In an over branded world where just about every product is screaming for attention, marketers continually seek ways to engage consumers. From branded content to in-your-face advertising, the aim has always been to make the product seem desirable and in high-demand. So why is Miracle Whip airing commercials with celebrities openly bashing their product? Why has a book burning party been suggested in place of saving a local library? These marketers haven’t lost their minds; they’re simply tapping into a new part of ours.
Reverse psychology, we’ve all heard of it. Formerly a way to get your husband to attend the Chicago Ballet or to get your two-year old to eat her vegetables, now a marketing gold mine. In a world where we’re constantly pushed to “buy this”, “eat here”, “do that”, it’s refreshing to hear the exact opposite. We all love to embrace the bad-assery of not following the rules, so when a marketer encourages consumers to “please don’t buy this”, you bet we’re going to—after all, aren’t you reading this article after I told you not to? A couple brands have fully embraced this approach and have really gotten people’s attention with their outlandish campaigns, and in the end accomplished what they set out to do, get people talking.
Dr. Pepper’s “Not for Women” campaign blatantly discourages women from drinking this diet soda, even though the diet soda market is saturated with calorie-watching ladies. Watching these ads, it seems that Dr. Pepper is attempting to jumpstart the men’s diet soda market that has been largely absent. However, in doing so, the brand may have actually sold directly to women using reverse psychology. Women hate to hear that only men are able to do something, whether it’s politics or a ten-calorie refreshment, the principle remains. So when women hear that this drink is definitely not for them, of course they will drink it (and blog about their triumph in the face of Dr. Pepper’s sexism).
In a not-so-obvious ruse, Leo Burnett helped save the Troy Public Library, with, you guessed it, reverse psychology. The clever campaign distributed lawn signs that read “Vote to close Troy library: Book burning party August 5th”. A related Facebook page was designed with book burning party details—I’m assuming it was BYOB (bring your own book). The residents of Troy, Michigan became so disgusted with these seemingly devilish book burners that they used Facebook to rally the community to vote “yes” for the modest tax increase.

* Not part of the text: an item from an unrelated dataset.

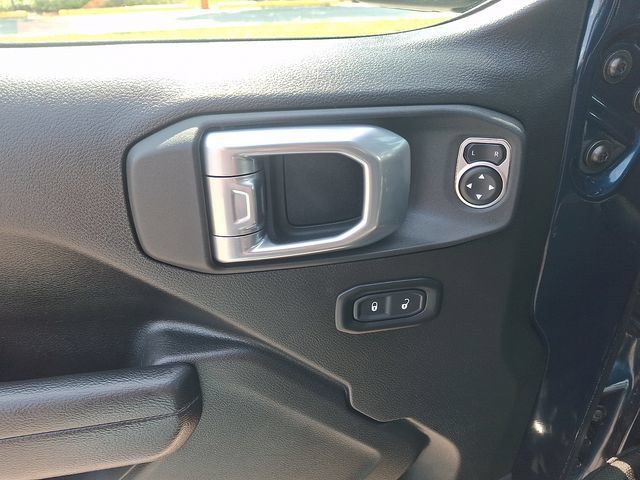 Used 2025 Jeep Wrangler Unlimited Rubicon AWD/4WD image 12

Patagonia’s Cyber Monday crusade used a more subtle approach to building brand affinity. The message was clear “Don’t buy this jacket”, but its effect was more complex. The brand explained, “Patagonia wants to be in business for a good long time – and leave a world inhabitable for our kids – we want to do the opposite of every other business today. We ask you to buy less and to reflect before you spend a dime on this jacket or anything else”. Asking consumers to reflect on the culture of spending and refrain from purchasing on Cyber Monday seems like it would be a lethal blow to Patagonia’s profit on such an important shopping day, but it accomplishes something more important, building the sentiment that Patagonia really cares about our world. With this message in mind, people will prefer Patagonia over their competitors when it comes time to purchase that new winter fleece.
Reverse psychology is catching on and making a splash in markets saturated with pro-product content. But even with this backwards approach seeing great success, I’ll be the first to admit, I still won’t try Miracle Whip.